Author Topic: 32F4xx: any way to output with DMA to non-FSMC ports and get a /WR strobe (Read 1339 times)

peter-h · « **on:** June 04, 2026, 11:10:53 am »

This is for driving an LCD with 16 bit parallel (ST7789). I currently use SPI and up to 42MHz clock is possible on my project.

The standard method is to use the FSMC but that is hard wired to output on ports D and E. I currently use these for lots of GPIO stuff.

I am using the QFP100 package and the FSMC can't be used (not enough pins) but going to the QFP144 would expose enough extra pins.

The problem is: no automatic /WR strobe. And no real speed control unless one outputs in software...

Has anyone found some cunning way?

I realise one can generate a /WR if one sets up a table where there are 3 entries for each word, and then the DMA will generate the write pulse. But then you have a 3x bigger table... Or a 2x bigger table and generate the /WR externally with an edge detector. And you still waste a byte or two just to generate the /WR.

Also, one could do a display fill with one colour, with just a 3 x 4 byte source buffer, if using an incrementing source address within a circular buffer.

There should be some cunning way to generate the /WR pulses from the same timer used to set the DMA rate.

langwadt · « **Reply #1 on:** June 04, 2026, 11:34:05 am »

should be straight forward if you have a timer pin, set to timer to pwm, dma on update adjust pwm duty cycle to get desired setup/hold

peter-h · « **Reply #2 on:** June 04, 2026, 05:00:29 pm »

That is very cunning.

Can the 32F4 DMA drive a 16 bit value on ports F or G and be synced with a timer event in this way? There is bound to be jitter I would think, due to internal bus contention etc.

But I guess one would use the PWM pulse to latch the previous value, not the one which DMA loads when the timer overflows. So jitter does not matter.

langwadt · « **Reply #3 on:** June 04, 2026, 07:36:40 pm »

Quote from: peter-h on June 04, 2026, 05:00:29 pm

That is very cunning.

Can the 32F4 DMA drive a 16 bit value on ports F or G and be synced with a timer event in this way? There is bound to be jitter I would think, due to internal bus contention etc.

But I guess one would use the PWM pulse to latch the previous value, not the one which DMA loads when the timer overflows.
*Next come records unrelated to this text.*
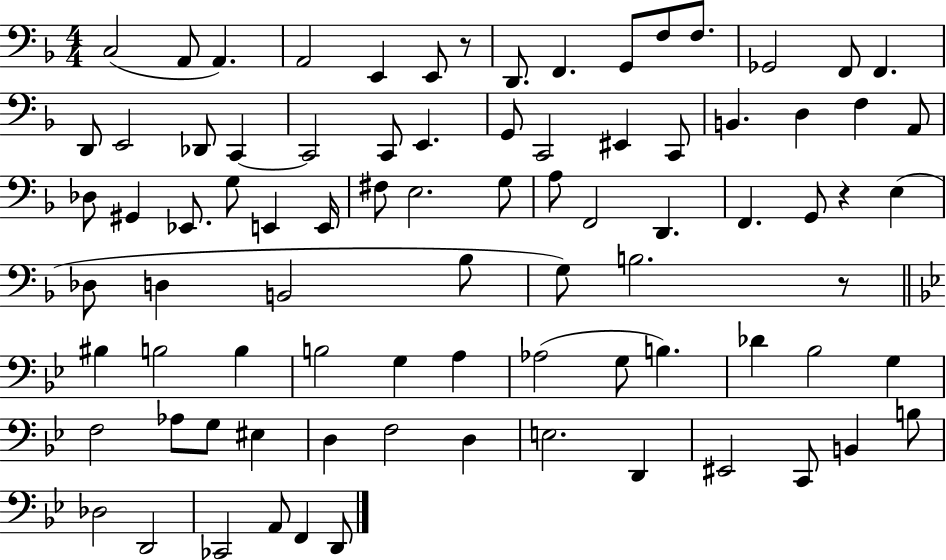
X:1
T:Untitled
M:4/4
L:1/4
K:F
C,2 A,,/2 A,, A,,2 E,, E,,/2 z/2 D,,/2 F,, G,,/2 F,/2 F,/2 _G,,2 F,,/2 F,, D,,/2 E,,2 _D,,/2 C,, C,,2 C,,/2 E,, G,,/2 C,,2 ^E,, C,,/2 B,, D, F, A,,/2 _D,/2 ^G,, _E,,/2 G,/2 E,, E,,/4 ^F,/2 E,2 G,/2 A,/2 F,,2 D,, F,, G,,/2 z E, _D,/2 D, B,,2 _B,/2 G,/2 B,2 z/2 ^B, B,2 B, B,2 G, A, _A,2 G,/2 B, _D _B,2 G, F,2 _A,/2 G,/2 ^E, D, F,2 D, E,2 D,, ^E,,2 C,,/2 B,, B,/2 _D,2 D,,2 _C,,2 A,,/2 F,, D,,/2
So jitter does not matter.

you should be able to DMA from memory to the ODR register in the port. jitter only matter in the way that the data has to be at the pins t_setup before the pwm edge

there's probably few quirks, like you I think you'd have to setup the first data value manually before starting the timer, and use a timer with a repetion counter (limiting the burst to 65K) to be able to stop the timer at the right time

peter-h · « **Reply #4 on:** June 08, 2026, 09:16:52 pm »

Can one do this with an 8 bit wide port, say PE0-PE7, or PE8-PE15? I know DMA can have an 8-bit target in general.

The problem is that the other half of that 16 bit port may have some pins set to GPIO outputs.

langwadt · « **Reply #5 on:** June 08, 2026, 09:59:41 pm »

Quote from: peter-h on June 08, 2026, 09:16:52 pm

Can one do this with an 8 bit wide port, say PE0-PE7, or PE8-PE15? I know DMA can have an 8-bit target in general.

The problem is that the other half of that 16 bit port may have some pins set to GPIO outputs.

no afaik you cannot do that, only way to only affect some bits is to use the BSRR register

peter-h · « **Reply #6 on:** June 09, 2026, 08:53:29 am »

I should test this because AFAICS the DMA can write just bytes.

But maybe only to the low bits e.g. PE0-PE7.

langwadt · « **Reply #7 on:** June 09, 2026, 10:58:19 am »

Quote from: peter-h on June 09, 2026, 08:53:29 am

I should test this because AFAICS the DMA can write just bytes.

But maybe only to the low bits e.g. PE0-PE7.

the dma can write bytes, but you'll have to test what happens when you only write upper or lower byte of the data register

Yansi · « **Reply #8 on:** June 09, 2026, 11:07:00 am »

Bus access error will likely happen, I think IO port registers can be accessed only as a whole halfword, not individual bytes. But I may be wrong, don't remember and it might be different on different STM32 series. Check the datasheet/ref manual, it is well described there.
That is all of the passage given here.